─── Task material ───
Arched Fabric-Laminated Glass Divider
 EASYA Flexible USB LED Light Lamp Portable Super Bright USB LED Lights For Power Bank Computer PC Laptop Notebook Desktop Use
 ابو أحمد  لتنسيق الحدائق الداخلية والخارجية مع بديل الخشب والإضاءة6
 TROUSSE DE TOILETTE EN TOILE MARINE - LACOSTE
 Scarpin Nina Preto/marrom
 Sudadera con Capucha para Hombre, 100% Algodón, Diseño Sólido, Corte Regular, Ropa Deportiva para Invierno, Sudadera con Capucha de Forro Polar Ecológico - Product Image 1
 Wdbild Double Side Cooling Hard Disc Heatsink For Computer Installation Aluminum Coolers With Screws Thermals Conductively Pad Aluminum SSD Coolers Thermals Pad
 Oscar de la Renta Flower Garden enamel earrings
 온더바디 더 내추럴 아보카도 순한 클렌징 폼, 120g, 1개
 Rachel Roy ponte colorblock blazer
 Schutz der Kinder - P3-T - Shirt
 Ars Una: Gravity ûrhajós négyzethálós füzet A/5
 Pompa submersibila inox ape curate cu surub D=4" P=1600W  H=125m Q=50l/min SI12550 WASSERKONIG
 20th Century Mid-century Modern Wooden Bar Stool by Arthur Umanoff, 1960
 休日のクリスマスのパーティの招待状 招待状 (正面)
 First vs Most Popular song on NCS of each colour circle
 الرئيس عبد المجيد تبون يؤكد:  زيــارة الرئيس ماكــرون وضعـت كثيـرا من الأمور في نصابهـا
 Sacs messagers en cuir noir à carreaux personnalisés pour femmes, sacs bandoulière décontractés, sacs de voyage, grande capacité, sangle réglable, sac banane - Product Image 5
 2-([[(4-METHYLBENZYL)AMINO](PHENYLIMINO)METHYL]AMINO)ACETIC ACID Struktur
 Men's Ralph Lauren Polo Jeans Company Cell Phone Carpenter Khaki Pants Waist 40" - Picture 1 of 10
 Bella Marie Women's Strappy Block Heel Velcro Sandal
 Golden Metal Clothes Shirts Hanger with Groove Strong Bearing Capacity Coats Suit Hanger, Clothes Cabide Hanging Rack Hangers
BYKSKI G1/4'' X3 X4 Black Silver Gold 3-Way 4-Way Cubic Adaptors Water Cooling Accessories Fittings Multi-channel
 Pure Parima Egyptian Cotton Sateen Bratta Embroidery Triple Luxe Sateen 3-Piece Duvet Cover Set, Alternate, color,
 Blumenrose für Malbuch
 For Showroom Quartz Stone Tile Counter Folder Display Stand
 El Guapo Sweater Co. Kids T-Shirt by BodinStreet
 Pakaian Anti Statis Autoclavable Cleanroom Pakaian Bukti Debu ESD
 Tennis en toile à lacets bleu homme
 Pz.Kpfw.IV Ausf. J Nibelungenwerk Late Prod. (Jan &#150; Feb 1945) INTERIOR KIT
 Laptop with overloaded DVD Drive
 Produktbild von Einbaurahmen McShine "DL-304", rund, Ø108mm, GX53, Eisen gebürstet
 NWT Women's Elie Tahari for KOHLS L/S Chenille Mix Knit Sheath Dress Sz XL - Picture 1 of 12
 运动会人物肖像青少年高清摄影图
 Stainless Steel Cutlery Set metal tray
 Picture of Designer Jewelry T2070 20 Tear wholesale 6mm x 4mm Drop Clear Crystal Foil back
───
Description of the task: Copy every line from the material in which the word "Women" can be found.

Result of the task:
 Bella Marie Women's Strappy Block Heel Velcro Sandal
 NWT Women's Elie Tahari for KOHLS L/S Chenille Mix Knit Sheath Dress Sz XL - Picture 1 of 12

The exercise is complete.